Next the Mirror Mounts

  • Next job was to sort out the loose mirror mount. Wrapping some tape around the spindle, I adjusted it to approximately 45 degrees and did some alignment tests to fine tune the angle. I then tightened the mirror.
    • Bringing mirror 2 to it’s furthest position and using the fine adjustments on the mirror mount, I got the laser to hit the centre of mirror 2. It was then a case of aligning the Y-axis. I will do a post on mirror alignment for more details.
  • It was then a case of repeating the alignment for the X-axis to get the beam hitting the centre of the 3rd mirror.

Z-axis Alignment

  • Finally, it was time to sort out the alignment of the Z-axis, which was made more difficult by the fact that the laser head was not square.
    • I loosened off the laser head and using a set square, I put in some shims that would square off the head when tightened up. It was not a perfect solution, but enough to allow alignment of the Z-axis. I’m planning to replace the laser head in the near future, so it didn’t need to be a permanent fix.
    • The laser beam was now travelling down the centre of the nozzle and while it was not perfectly square to the bed, it was close enough to use for most applications. I would need to drill and tap new holes in the laser head to get it more accurate.

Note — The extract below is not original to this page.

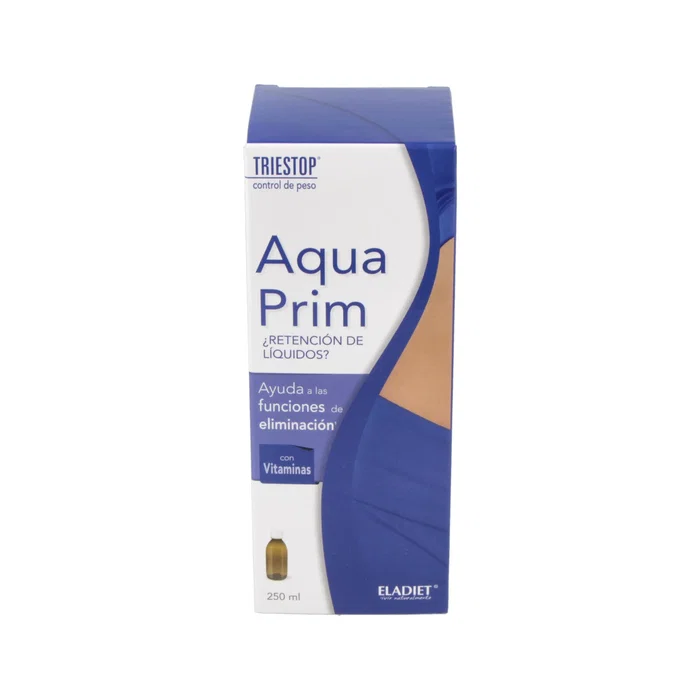 ELADIET TRIESTOP AQUAPRIM drenante 250ml ELADIET TRIESTOP AQUAPRIM drenante 250ml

Calibrating the Laser Engraving and Cutting Machine

With the machine now working, it was time to calibrate the X & Y axis, while this particular machine has a motorised Z-axis, it is linked to manual controls and not managed by the Ruida controller, so it’s not possible to calibrate the Z-axis.

To calibrate the X & Y axis, you need to put the largest piece of paper or card you have and etch a single line in both the X and Y axis.

You then measure the etched line and compare it to the requested measurement. E.g. you draw a 300mm line in the X axis in RDWorks and it measures 297mm when etched. This shows that the X dimension is 1% out. This is easy to fix;

RDWorks X&Y Axis Calibration Process

  1. In RDWorks, left click “File”, “Vendor Settings”. You will be asked for a password which is “RD8888”. Click “OK” (See picture below)
  2. You will now enter the Vendor Tools window. Click on “Read” to read the machine settings.
  3. Click on Motor and make sure X is selected. To the right of the page you will see “Step length(um):” you need to click on the 3 horizontal dots to the right.
  4. This opens up the Calculate step precision where you can put in your figures of 300 and 297mm as shown. Click “OK” and then “Write” the changes back to the machine. You can then repeat the test to make sure you are getting the 300mm etch.
  5. Repeat the same process for the Y-Axis.
  6. Once satisfied, it’s a good idea to make a copy of the machine configuration file using the “Save” function in the Vendor Tools.
Image 1
Vendor Settings Password Request “RD8888”
Image 2

If your Z-Axis is managed by your controller, then you can calibrate it by comparing a 50mm software movement of the Z-axis as shown on the controller HMI (Human Machine Interface) against the actual z-axis movement.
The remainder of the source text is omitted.